Factors that were used to distinguish between different positioning strategies include price level, advertising spend, line length, distribution breadth, brand architecture, and market position.
The study utilizes data on 325 consumer packaged goods (CPG) national brands in 35 categories across 17 years in the U.K. Results show that the effectiveness of the six strategic factors to enhance brand equity often differs between expansions and contractions (see table).
- In economic expansions brands benefit from a premium price position and market leadership to build brand equity.
- In contractions brands can capitalize on factors like advertising, using an umbrella brand architecture and market leadership.
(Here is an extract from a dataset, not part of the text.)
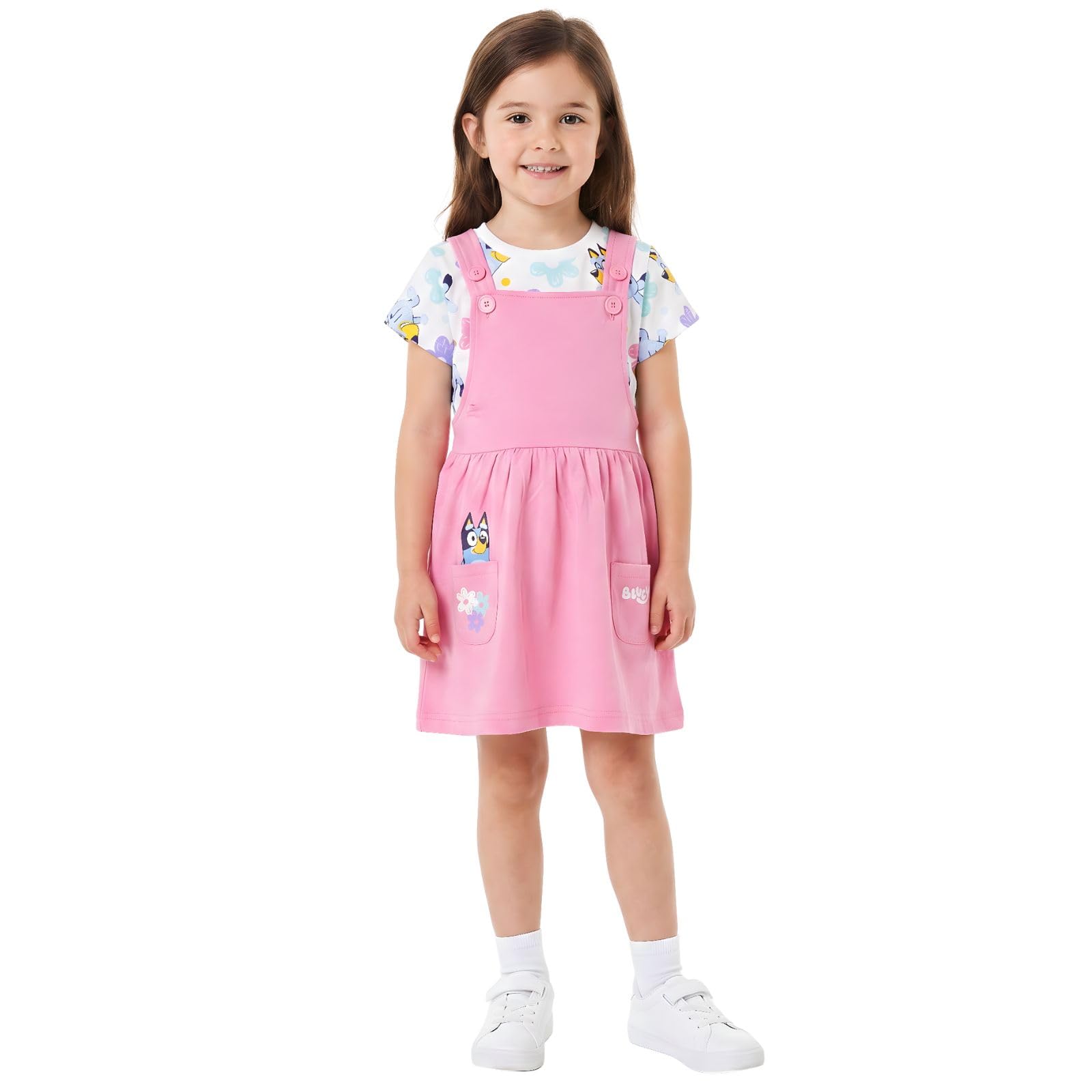 Bluey Conjunto de vestido y camiseta para niñas Rosa con bolsillos Algodón suave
- Distribution adds strongly to brand equity, irrespective of the business cycle. In both good and bad times widely distributed brands have a competitive advantage.
- In expansions, a large assortment is also a strong contributor to brand equity, while it does not harm brand equity in contractions.
Major take aways for national brands and their managers are:
- Evaluation of the distribution strategy is key. Selective distribution may sometimes be a strategic choice – but if it is not managers must examine how trade marketing and channel incentives can help to expand distribution.
- Assortment expansion should be prioritized, unless there are other conflicting issues (e.g., lack of resources). Investing in R&D and innovations can pay off even in bad times as brands are ready to launch innovations when the economy bounces back.
- Management decisions on premium price position, market leadership and advertising are factors with modest effects on brand equity only.
Rajavi, K., Kushwaha, T., & Steenkamp, J. B. E. (2022). Brand Equity in Good and Bad Times: What Distinguishes Winners from Losers in CPG Industries?. Journal of Marketing.